Should pictures appear among the records, leave them out, and copy exactly only the lines from the first through the one with "de 5mm, overjet", inclusive.

***** Data in this exercise *****

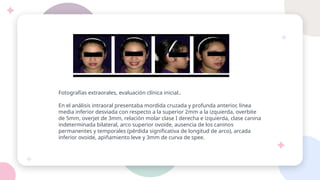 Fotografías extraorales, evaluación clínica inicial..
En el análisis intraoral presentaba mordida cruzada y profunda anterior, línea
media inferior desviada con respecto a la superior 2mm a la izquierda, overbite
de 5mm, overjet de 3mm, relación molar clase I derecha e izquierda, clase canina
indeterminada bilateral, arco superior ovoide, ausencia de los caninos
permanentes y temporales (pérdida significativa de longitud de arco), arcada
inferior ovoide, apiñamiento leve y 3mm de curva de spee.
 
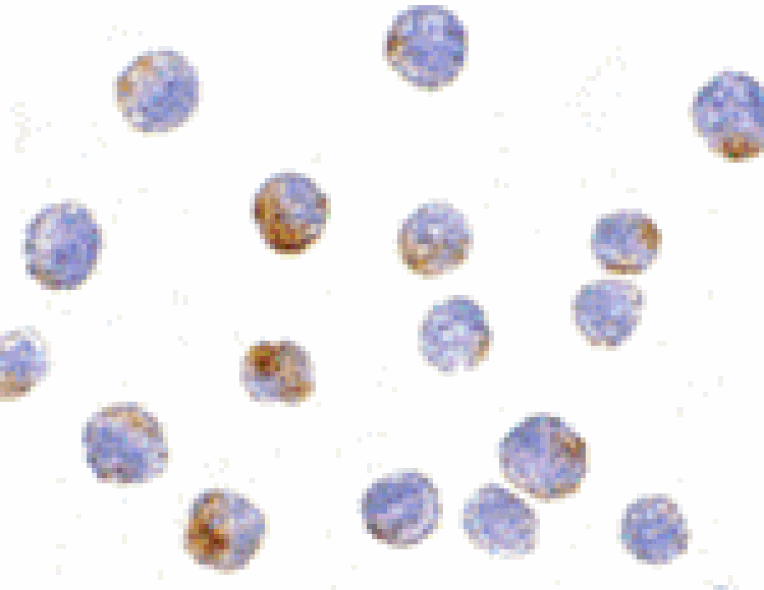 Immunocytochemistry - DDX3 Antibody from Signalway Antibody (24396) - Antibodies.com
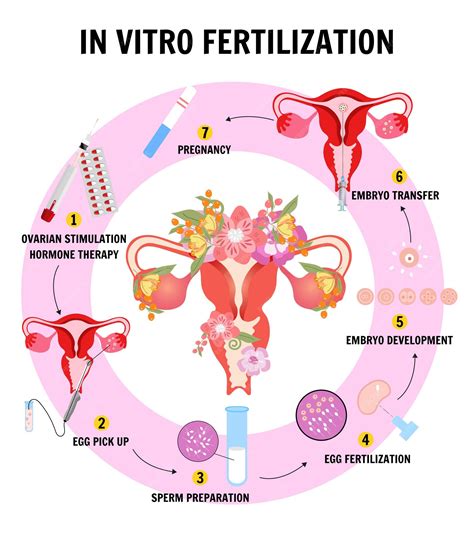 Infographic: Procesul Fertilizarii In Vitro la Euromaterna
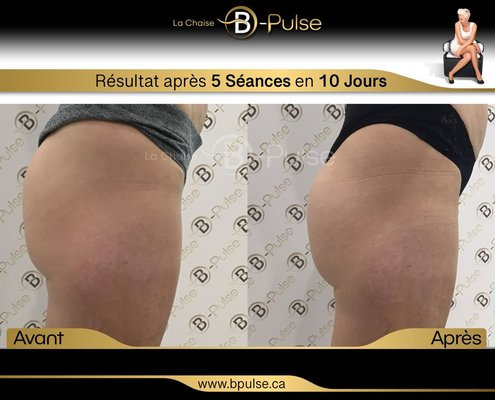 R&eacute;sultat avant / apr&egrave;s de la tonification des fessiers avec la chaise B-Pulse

*****

* _Answer for the task_
 Fotografías extraorales, evaluación clínica inicial..
En el análisis intraoral presentaba mordida cruzada y profunda anterior, línea
media inferior desviada con respecto a la superior 2mm a la izquierda, overbite
de 5mm, overjet de 3mm, relación molar clase I derecha e izquierda, clase canina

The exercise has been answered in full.